● **Exercise goal**: Using the data below, restate exactly every line from the one with "herbs bundles tied" up to and including the one with "Lost Female Dog". No picture belongs in it.
***
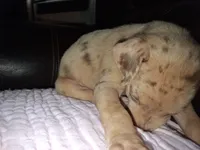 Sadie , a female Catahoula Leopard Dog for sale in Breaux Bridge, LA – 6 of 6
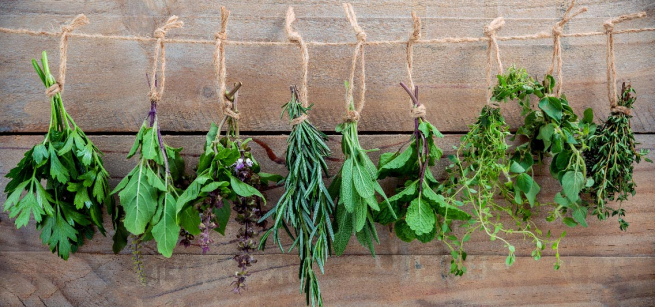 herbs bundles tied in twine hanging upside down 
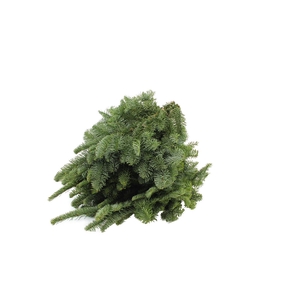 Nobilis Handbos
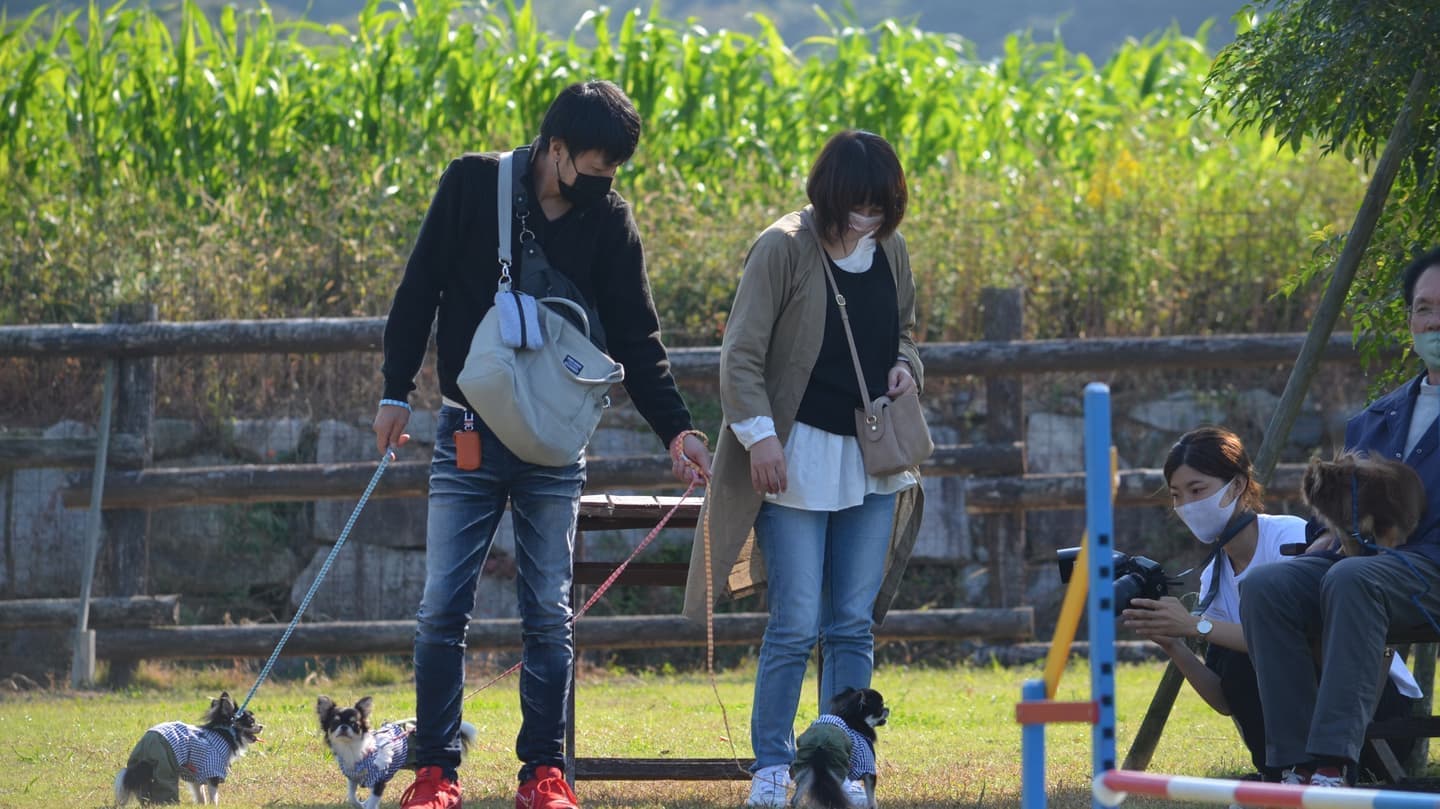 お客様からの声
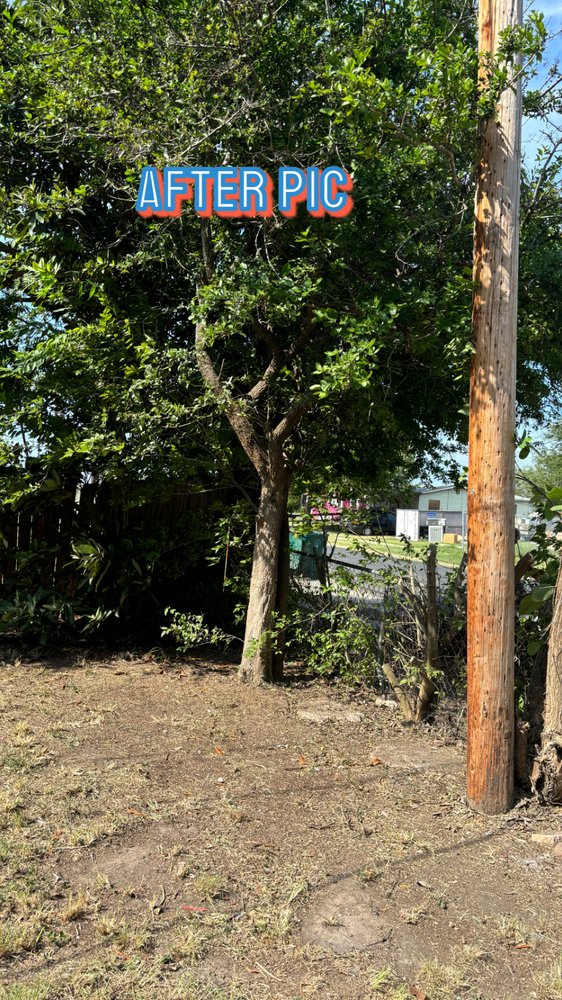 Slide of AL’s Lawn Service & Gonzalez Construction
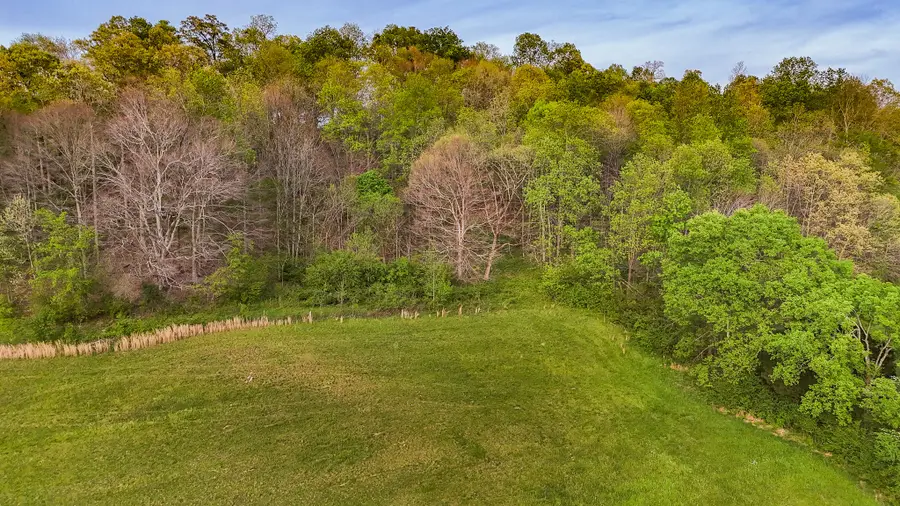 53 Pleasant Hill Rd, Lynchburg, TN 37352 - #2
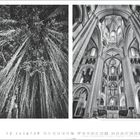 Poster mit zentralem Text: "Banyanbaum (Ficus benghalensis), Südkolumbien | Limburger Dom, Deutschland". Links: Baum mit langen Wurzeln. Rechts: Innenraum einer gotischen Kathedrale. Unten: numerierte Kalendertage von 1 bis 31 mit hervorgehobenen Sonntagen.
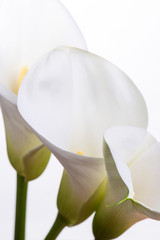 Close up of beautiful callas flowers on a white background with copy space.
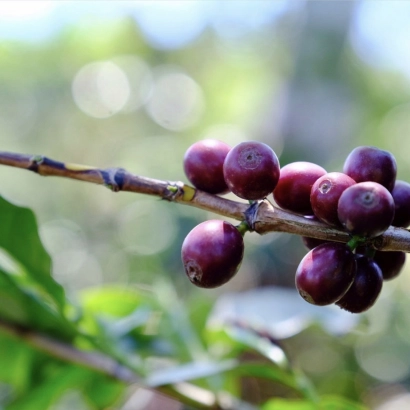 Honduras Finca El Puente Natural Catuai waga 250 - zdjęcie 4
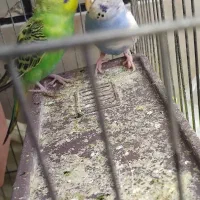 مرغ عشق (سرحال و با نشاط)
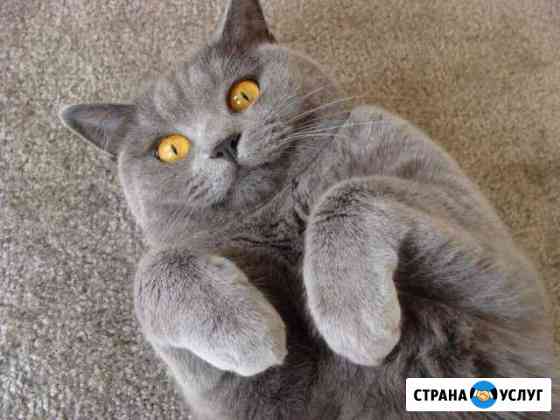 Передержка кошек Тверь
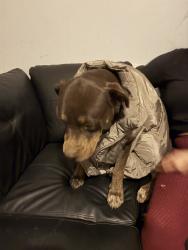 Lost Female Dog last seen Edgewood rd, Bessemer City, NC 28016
***
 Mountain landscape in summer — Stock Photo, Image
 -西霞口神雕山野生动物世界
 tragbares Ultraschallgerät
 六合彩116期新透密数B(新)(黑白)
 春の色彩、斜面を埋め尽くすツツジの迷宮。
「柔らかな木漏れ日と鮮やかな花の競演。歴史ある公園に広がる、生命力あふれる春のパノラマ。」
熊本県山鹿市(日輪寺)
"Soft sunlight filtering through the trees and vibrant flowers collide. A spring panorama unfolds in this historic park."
***
● **Exercise result**:
 herbs bundles tied in twine hanging upside down 
 Nobilis Handbos
 お客様からの声
 Slide of AL’s Lawn Service & Gonzalez Construction
 53 Pleasant Hill Rd, Lynchburg, TN 37352 - #2
 Poster mit zentralem Text: "Banyanbaum (Ficus benghalensis), Südkolumbien | Limburger Dom, Deutschland". Links: Baum mit langen Wurzeln. Rechts: Innenraum einer gotischen Kathedrale. Unten: numerierte Kalendertage von 1 bis 31 mit hervorgehobenen Sonntagen.
 Close up of beautiful callas flowers on a white background with copy space.
 Honduras Finca El Puente Natural Catuai waga 250 - zdjęcie 4
 مرغ عشق (سرحال و با نشاط)
 Передержка кошек Тверь
 Lost Female Dog last seen Edgewood rd, Bessemer City, NC 28016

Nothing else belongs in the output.